In dozens of cities across the developing world, land registries suffer from similar problems. Many citizens simply do not have the confidence in the system. Some are unsure if they legally own a piece of land, even if they have a legitimate sale deed. Others who want to buy a piece of land are not sure if the seller legally owns it. In a situation like in Haiti, where the disaster destroyed many of the country’s paper records, this could have been avoided with blockchain technologies.

Banking

Another potential panacea of blockchain technologies, is how it can help bring the world’s 2 billion unbanked people into the global economy. Although they can receive money and support through aid programs, these programs are temporary in nature.

Interestingly, nearly 60% of the world’s ‘unbanked’ have access to smartphones. Crypto platforms can therefore exploit this and can offer bank-life environments inside a person’s smartphone as well as peer-to-peer financial products such as insurance. An example of this is Humaniq, a banking application based on blockchain technology, available on both Android and iOS users.

BanQu, a US based technology company, seeks to solve this problem by creating a secure, easy to use, blockchain based software as a service that the unbanked that can run on any cell phone. The BanQu platform allows them to record their economic and financial transactions, purchase goods, and prove their existence in global supply chains. This creates an economic passport that enables them to engage with family members, global corporations, development agencies, government organizations, and global financial institutions.

BanQu’s app is already being used in six countries by farmers, workers, and micro businesses in some of the world’s poorest regions, as well as by global corporations, financial institutions.

The DANIDA narrative on TechVelopment and the reservations

The DANIDA report argues the digital dividends to be gained and launches a narrative to support the potentials claimed. As a first step, a program of pilot projects in Africa and the appointment of a TechVelopment advisor in Kenya will be implemented with a total budget of DKK 49 mill. Several NGOs are getting involved, e.g. Care Denmark, who has formed a partnership with Copenhagen Fintech to connect financial technologies and innovation to development cooperation. Copenhagen Fintech on their part has developed a digital matchmaking platform so that the fintech companies identify those challenges most relevant to their particular competences.

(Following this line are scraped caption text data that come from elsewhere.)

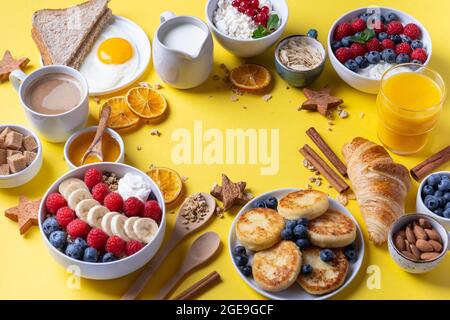 Gesunde Frühstückstisch-Szene mit Obst, Joghurts, Croissants, Smoothie, nahrhaftem Toast und Eierpfanne. Draufsicht auf gelbem Hintergrund. Stockfoto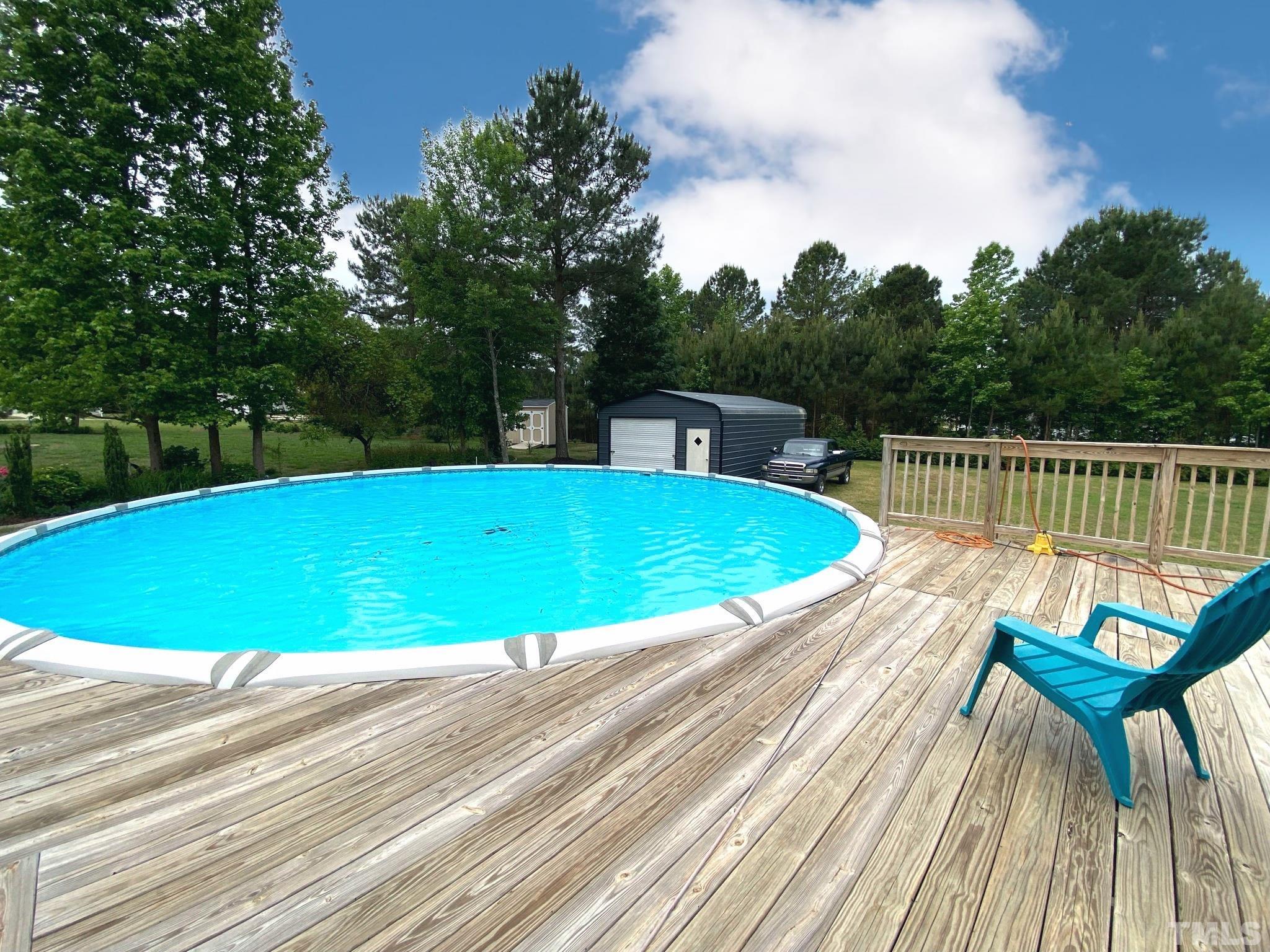 47 Hadleigh Way Fuquay-Varina, NC 27526 - Photo 25 of 37 a view of a swimming pool with a patio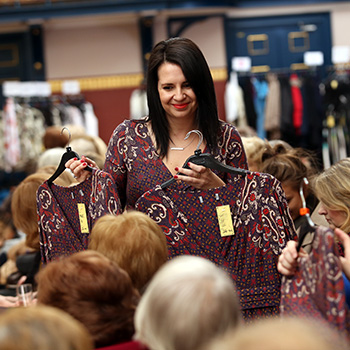 Model on catwalk carrying two extra items of the top she is wearing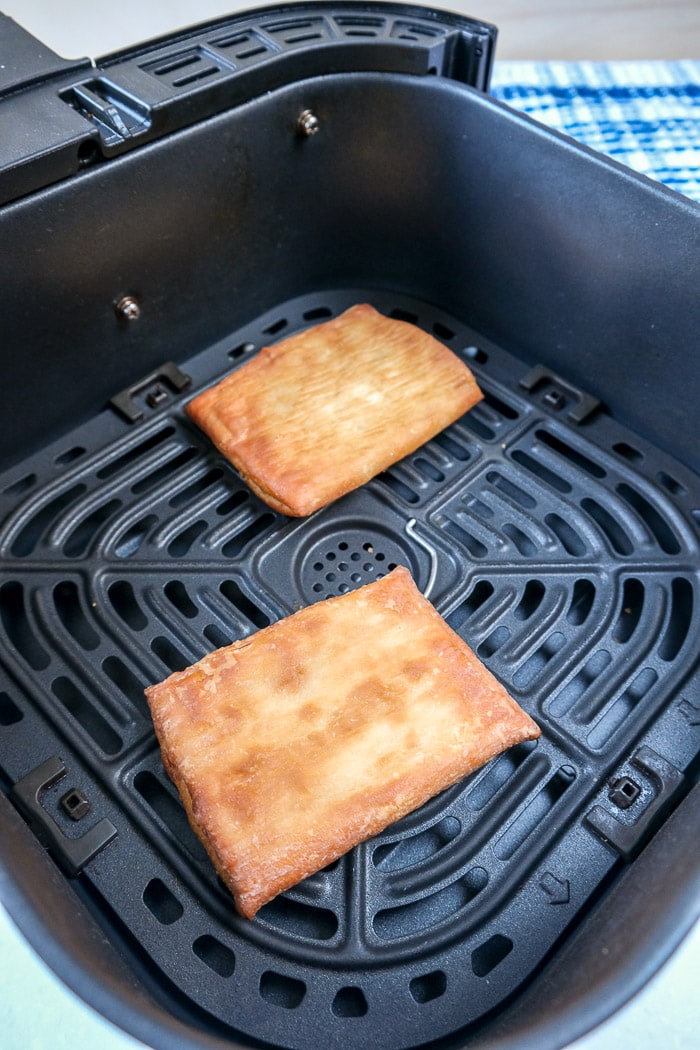 cooked toaster strudels in black air fryer tray on counter top
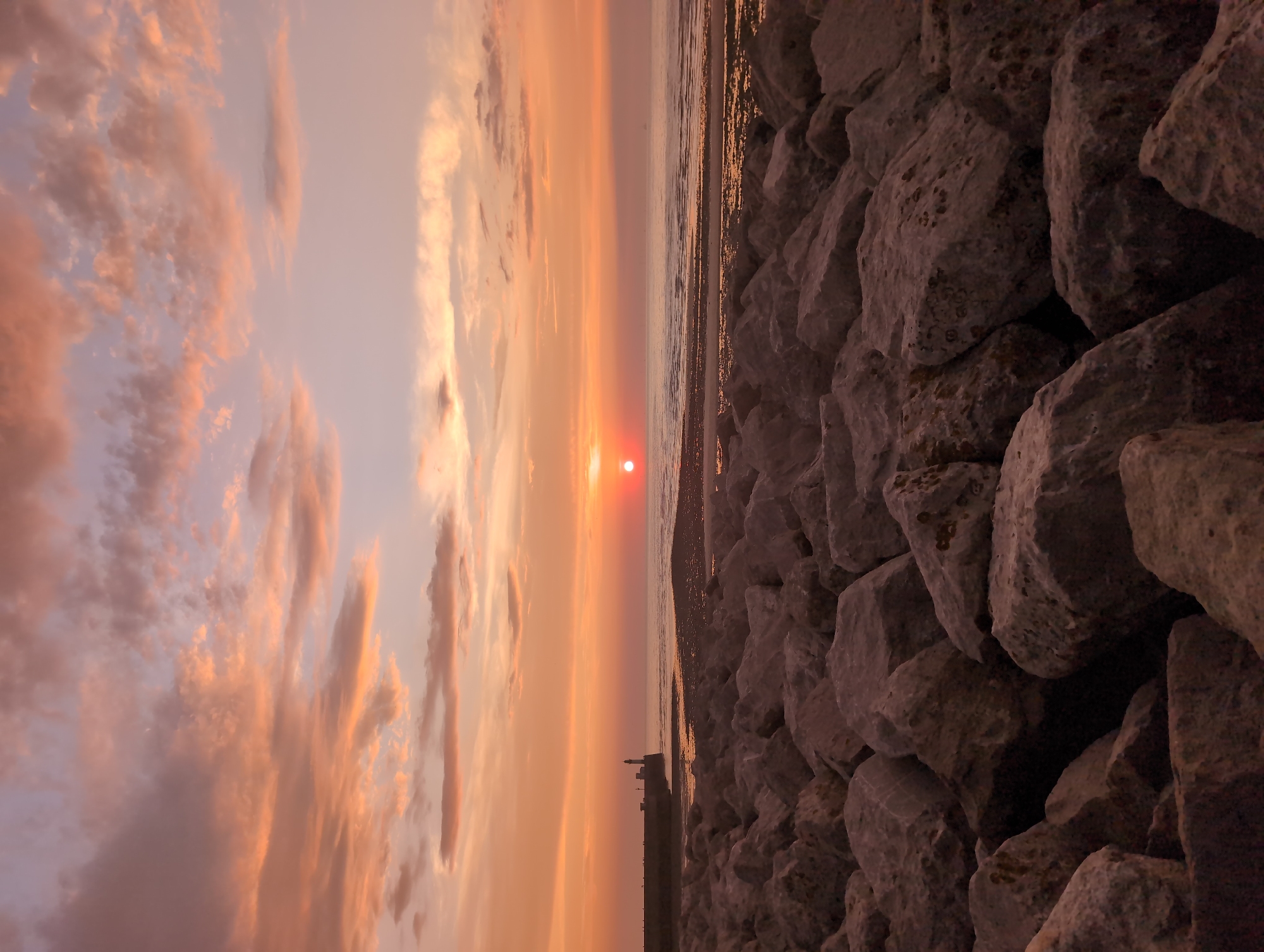 An outdoor, low-angle, vertical, wide shot captures a sunset over the sea at Le Tréport, France. The foreground is dominated by a dense field of large, rough, grey rocks that form a breakwater. The rocks are varied in size and shape, creating a textured and uneven surface.
The middle ground features a calm sea with gentle waves lapping at the shore. The wet sand reflects the warm colors of the sunset. A long, dark pier stretches out into the water from the left side of the frame. At the end of the pier stands a tall, slender lighthouse, its white structure stark against the colored sky.
The background is a dramatic sunset sky filled with clouds. The clouds are tinged with shades of orange, pink, and lavender, with the sun a small, bright orange orb just above the horizon. The colors suggest the final moments of daylight. There are no people or animals visible in the scene.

However, researchers caution against a hyping of blockchain potential in development programs. First, in some Global South countries, the mismatch with digital solutions is all too obvious; public institutions are weak, and public records have yet to be digitalized. Secondly, as mentioned by senior researcher Ole Therkildsen, Danish Institute for International Studies (DIIS), poor people’s and women’s ownership to land are typically embedded in social relations. Rights are often overlapping, shared and based upon people being members of a community or a family. Allocation of land and conflicts about land are solved through local institutions. Also, the tracing by blockchain of funds for relief in humanitarian emergency situations is problematic; by doing this the assumption is that donors know more about the needs of recipients than they do themselves. Ole Therkildsen points to studies showing that most recipients of emergency aid spend the funds wisely.

Eva Grambye, Danish Institute for Human Rights, takes the narrative of blockchain technology as the great enabler of growth to task questioning whether human rights are being disrupted in the process. Blockchains challenge the role of state institutions as the authority, who verifies identity and rights of individuals. The fact that only a few countries have data protection laws makes private collection and storage of personal data problematic. Claims about blockchains as the unhackable, ultimate truth providers must be scrutinized, when private tech companies are side-lining governments. Eva Grambye recommends design with, not for blockchain and a focus on digital divides.